Meditation as Self Care
As I've been touting the last two weeks, self care is a pretty amazing thing. It makes us feel cared for, held and loved. It inspires us to be compassionate and grateful. But what if there's no time for self care? What do you do in those times? Sometimes we get stuck in a doing pattern, out of necessity or out of habit. Self care can be your escape from the vortex and a path to freedom.

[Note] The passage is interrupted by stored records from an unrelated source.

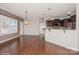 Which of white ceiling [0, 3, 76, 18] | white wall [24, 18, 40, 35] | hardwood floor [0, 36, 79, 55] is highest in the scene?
white ceiling [0, 3, 76, 18]

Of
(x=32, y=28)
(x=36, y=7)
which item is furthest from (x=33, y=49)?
(x=32, y=28)

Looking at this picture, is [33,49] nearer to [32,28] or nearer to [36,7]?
[36,7]

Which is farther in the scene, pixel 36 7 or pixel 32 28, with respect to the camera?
pixel 32 28

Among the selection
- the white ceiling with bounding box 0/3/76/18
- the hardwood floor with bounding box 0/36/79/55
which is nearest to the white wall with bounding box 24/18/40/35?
the white ceiling with bounding box 0/3/76/18

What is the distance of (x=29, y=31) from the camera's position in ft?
53.0

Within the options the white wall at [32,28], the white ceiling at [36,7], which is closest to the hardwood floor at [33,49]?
the white ceiling at [36,7]

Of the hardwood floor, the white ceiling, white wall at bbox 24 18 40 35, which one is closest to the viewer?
the hardwood floor

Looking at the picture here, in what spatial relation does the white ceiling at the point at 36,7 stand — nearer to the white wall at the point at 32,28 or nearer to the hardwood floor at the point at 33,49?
the hardwood floor at the point at 33,49

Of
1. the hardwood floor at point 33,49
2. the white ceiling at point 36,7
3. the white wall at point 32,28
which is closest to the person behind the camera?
the hardwood floor at point 33,49

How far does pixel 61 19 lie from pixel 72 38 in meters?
7.91

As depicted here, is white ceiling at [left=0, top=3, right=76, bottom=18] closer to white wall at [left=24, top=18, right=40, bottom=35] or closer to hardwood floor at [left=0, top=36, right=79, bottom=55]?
hardwood floor at [left=0, top=36, right=79, bottom=55]

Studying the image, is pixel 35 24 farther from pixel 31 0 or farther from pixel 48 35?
pixel 31 0

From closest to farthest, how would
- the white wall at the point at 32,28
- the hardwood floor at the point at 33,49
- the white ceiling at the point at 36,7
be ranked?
the hardwood floor at the point at 33,49 < the white ceiling at the point at 36,7 < the white wall at the point at 32,28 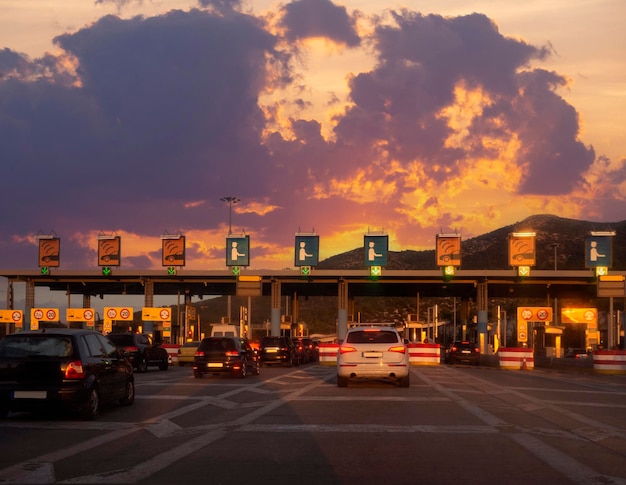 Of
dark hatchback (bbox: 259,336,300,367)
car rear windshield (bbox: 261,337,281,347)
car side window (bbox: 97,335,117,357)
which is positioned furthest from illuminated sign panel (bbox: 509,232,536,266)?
car side window (bbox: 97,335,117,357)

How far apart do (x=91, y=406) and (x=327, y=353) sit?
1230 inches

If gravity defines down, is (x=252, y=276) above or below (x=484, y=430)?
above

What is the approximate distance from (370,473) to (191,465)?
215cm

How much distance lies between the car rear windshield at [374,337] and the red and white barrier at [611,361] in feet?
62.4

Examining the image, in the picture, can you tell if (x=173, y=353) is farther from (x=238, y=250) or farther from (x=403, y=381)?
(x=403, y=381)

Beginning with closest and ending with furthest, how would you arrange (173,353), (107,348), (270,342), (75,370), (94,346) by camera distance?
(75,370) → (94,346) → (107,348) → (270,342) → (173,353)

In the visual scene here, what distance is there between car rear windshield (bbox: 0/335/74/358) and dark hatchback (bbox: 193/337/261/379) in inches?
584

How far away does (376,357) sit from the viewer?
2430 cm

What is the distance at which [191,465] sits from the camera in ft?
35.1

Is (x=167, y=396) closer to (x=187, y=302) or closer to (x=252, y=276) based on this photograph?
(x=252, y=276)

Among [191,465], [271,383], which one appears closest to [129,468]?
[191,465]

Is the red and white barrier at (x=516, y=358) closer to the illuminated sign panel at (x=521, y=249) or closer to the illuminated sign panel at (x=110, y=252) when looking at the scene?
the illuminated sign panel at (x=521, y=249)

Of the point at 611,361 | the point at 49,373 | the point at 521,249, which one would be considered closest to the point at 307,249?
the point at 521,249

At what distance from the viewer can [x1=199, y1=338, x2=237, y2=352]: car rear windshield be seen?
30844 millimetres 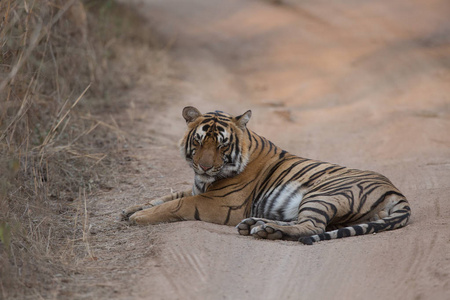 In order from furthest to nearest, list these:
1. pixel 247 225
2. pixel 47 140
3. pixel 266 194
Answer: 1. pixel 47 140
2. pixel 266 194
3. pixel 247 225

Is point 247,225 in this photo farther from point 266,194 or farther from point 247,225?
point 266,194

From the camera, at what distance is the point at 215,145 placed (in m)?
5.01

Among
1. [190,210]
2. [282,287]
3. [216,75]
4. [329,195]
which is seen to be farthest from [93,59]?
[282,287]

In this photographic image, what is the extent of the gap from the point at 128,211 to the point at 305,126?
14.4 feet

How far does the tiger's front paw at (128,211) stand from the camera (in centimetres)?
518

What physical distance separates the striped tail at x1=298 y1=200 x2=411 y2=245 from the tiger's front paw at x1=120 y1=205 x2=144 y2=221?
1565 millimetres

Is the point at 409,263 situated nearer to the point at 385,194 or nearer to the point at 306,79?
the point at 385,194

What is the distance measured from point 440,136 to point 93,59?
16.4 feet

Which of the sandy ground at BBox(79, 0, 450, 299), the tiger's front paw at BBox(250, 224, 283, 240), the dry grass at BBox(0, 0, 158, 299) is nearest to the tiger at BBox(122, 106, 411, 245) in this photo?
the tiger's front paw at BBox(250, 224, 283, 240)

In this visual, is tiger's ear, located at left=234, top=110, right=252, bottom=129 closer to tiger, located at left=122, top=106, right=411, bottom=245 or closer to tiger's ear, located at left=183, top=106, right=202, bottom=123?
tiger, located at left=122, top=106, right=411, bottom=245

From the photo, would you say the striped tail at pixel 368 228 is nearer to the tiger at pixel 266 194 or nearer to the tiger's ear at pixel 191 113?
the tiger at pixel 266 194

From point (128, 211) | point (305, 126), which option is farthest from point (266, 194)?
point (305, 126)

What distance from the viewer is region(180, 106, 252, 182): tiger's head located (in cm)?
498

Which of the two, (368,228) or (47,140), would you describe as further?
(47,140) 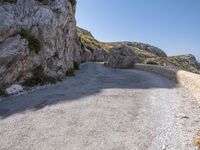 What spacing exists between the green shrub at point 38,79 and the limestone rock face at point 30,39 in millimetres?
526

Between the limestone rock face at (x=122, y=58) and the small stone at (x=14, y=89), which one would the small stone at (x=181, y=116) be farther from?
the limestone rock face at (x=122, y=58)

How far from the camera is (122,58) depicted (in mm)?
72938

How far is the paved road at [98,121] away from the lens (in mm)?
14383

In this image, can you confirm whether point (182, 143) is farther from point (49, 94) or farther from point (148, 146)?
point (49, 94)

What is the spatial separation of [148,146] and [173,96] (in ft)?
44.0

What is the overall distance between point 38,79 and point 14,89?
4.97 m

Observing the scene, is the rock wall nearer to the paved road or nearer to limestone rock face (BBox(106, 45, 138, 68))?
the paved road

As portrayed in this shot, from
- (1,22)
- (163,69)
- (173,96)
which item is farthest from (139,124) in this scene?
(163,69)

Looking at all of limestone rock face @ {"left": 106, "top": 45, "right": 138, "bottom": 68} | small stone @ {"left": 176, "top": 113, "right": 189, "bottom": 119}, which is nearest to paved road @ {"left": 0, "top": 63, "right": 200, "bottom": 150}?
small stone @ {"left": 176, "top": 113, "right": 189, "bottom": 119}

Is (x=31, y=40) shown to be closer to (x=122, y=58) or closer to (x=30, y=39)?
(x=30, y=39)

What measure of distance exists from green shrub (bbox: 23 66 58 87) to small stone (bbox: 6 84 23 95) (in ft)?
6.49

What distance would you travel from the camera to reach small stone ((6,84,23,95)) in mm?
25803

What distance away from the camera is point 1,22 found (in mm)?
29078

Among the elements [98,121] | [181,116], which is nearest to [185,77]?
[181,116] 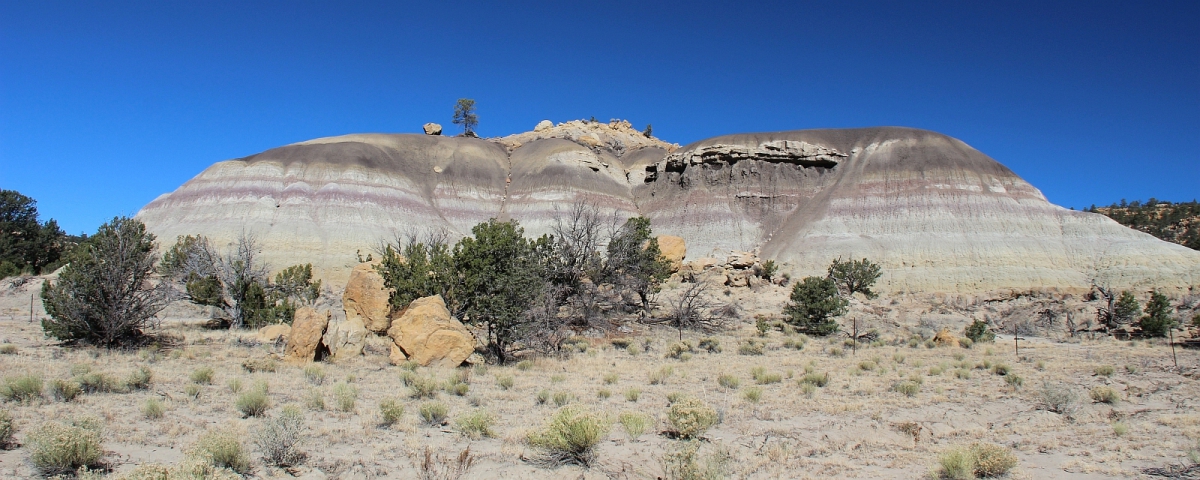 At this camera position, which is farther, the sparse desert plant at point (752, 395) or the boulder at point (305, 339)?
the boulder at point (305, 339)

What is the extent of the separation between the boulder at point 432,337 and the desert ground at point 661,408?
0.50 m

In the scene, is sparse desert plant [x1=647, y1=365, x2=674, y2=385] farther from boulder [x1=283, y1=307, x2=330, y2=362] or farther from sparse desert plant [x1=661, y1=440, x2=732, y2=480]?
boulder [x1=283, y1=307, x2=330, y2=362]

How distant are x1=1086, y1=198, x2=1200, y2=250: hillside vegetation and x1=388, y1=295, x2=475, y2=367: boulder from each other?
74363 mm

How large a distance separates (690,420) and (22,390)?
36.1 ft

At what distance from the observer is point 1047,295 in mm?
43906

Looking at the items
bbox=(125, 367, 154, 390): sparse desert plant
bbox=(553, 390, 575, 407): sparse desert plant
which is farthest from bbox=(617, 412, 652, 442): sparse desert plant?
bbox=(125, 367, 154, 390): sparse desert plant

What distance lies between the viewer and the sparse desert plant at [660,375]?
14.9 meters

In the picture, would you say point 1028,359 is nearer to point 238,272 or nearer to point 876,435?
point 876,435

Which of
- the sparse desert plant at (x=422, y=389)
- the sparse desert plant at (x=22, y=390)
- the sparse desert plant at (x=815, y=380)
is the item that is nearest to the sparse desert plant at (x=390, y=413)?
the sparse desert plant at (x=422, y=389)

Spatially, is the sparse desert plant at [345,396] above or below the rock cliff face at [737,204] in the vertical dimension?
below

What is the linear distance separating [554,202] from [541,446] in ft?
202

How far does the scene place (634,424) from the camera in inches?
373

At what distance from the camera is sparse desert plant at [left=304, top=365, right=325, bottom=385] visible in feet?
43.6

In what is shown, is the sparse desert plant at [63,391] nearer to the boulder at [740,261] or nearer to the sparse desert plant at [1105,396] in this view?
the sparse desert plant at [1105,396]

If you have a particularly busy work schedule, sick loved ones, a loved but time-consuming hobby, a commitment you made, kids' schedules, volunteering, traveling, [enter your time sucker here], it can be difficult to see how the square peg of self care will fit into this round hole of doing. Take a deep breath...and exhale...this is one thing you can do to take care of yourself. Even if it's 5 breaths before getting out of the car, that's something to halt the vortex and bring you into the present. You're giving yourself much needed oxygen, a more even breath which leads to a more even mind, and attention. A little bit of freedom.
Somewhere in your day must be 5 minutes to meditate. If not, make it happen. You can do this. Meditation is a time-saver, not a time-waster. It makes you more efficient in your non-meditation time, it gets you to be realistic with your time and energy and it boils things down to what's important. You may find that when you take 5 minutes to meditate, you end up deciding to take 5 things off today's to-do list, because they are 1) unnecessary and 2) impossible to complete in one day without becoming a screaming mess, let alone how impossible they would be added to the 10 things that remain on the list, and what kind of monster would emerge from your neck after your head disconnects from your body. You may find that those 5 minutes of meditation do so much for you that you turn them into 10 minutes and eventually 20. Imagine the vortex stopping, or at least slowing, for 20 whole minutes.
This is a task, for sure - to get out of the doing pattern. Weaning yourself off of the pattern takes innovation and perserverance. It's likely you can't walk away from your commitments or shock those who depend on you with your 180. But you can dig slowly and steadily while completing your tasks, like Andy Dufresne through the Shawshank walls, and find your freedom.